• [Given material]:

━━━

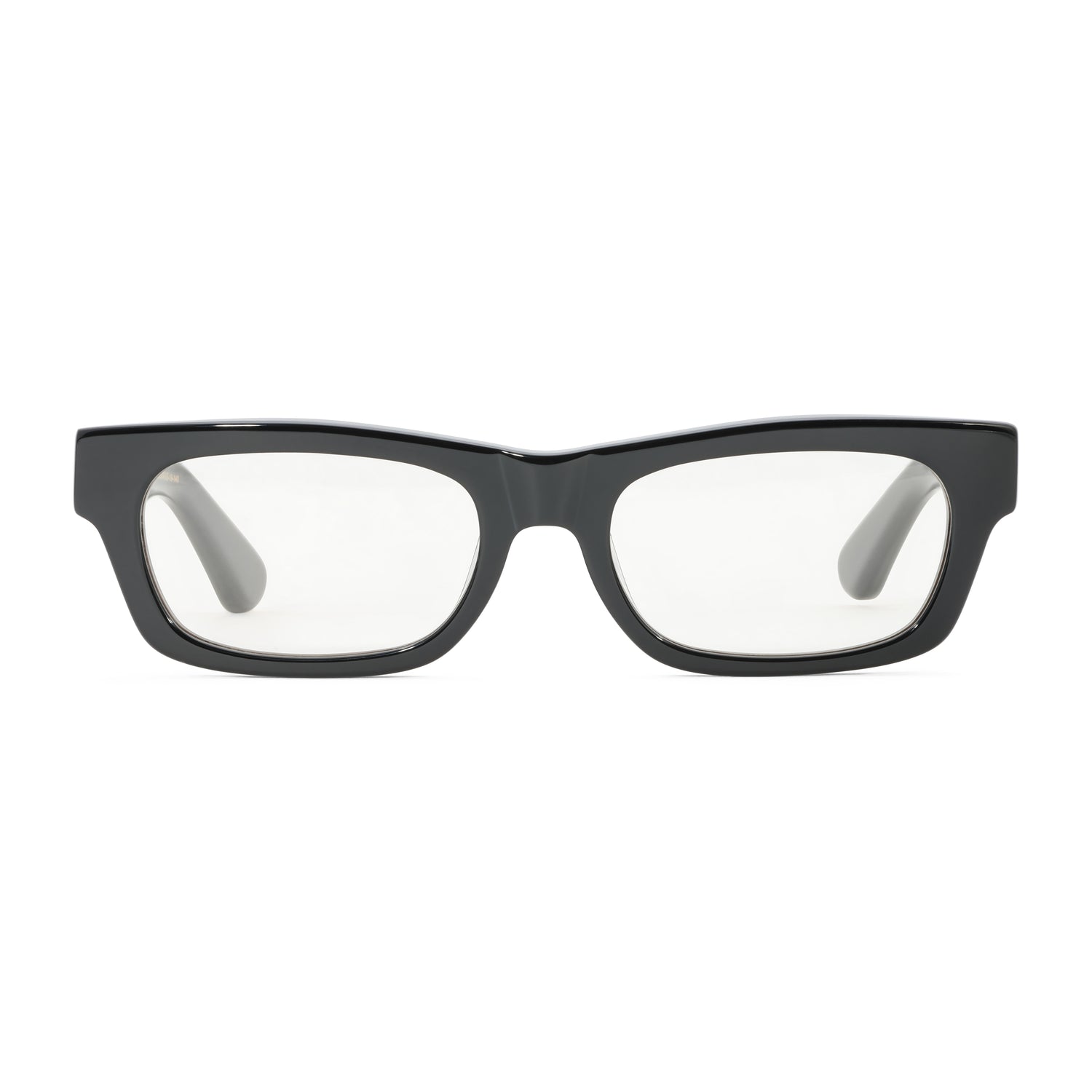 SLOANE GLASSES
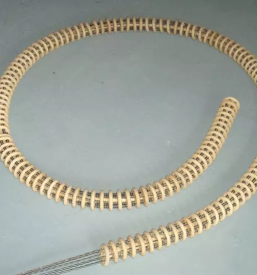 Production of heaters in Slovenia, EU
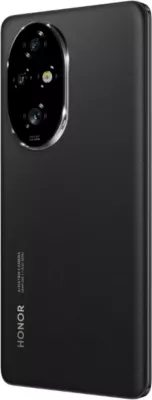 Celular HONOR 200 Pro 5G, 12/512GB, i zi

━━━

• [Exercise details]:
Produce a verbatim copy of the listing, leaving out all pictures.

• [Expected answer]:
 SLOANE GLASSES
 Production of heaters in Slovenia, EU
 Celular HONOR 200 Pro 5G, 12/512GB, i zi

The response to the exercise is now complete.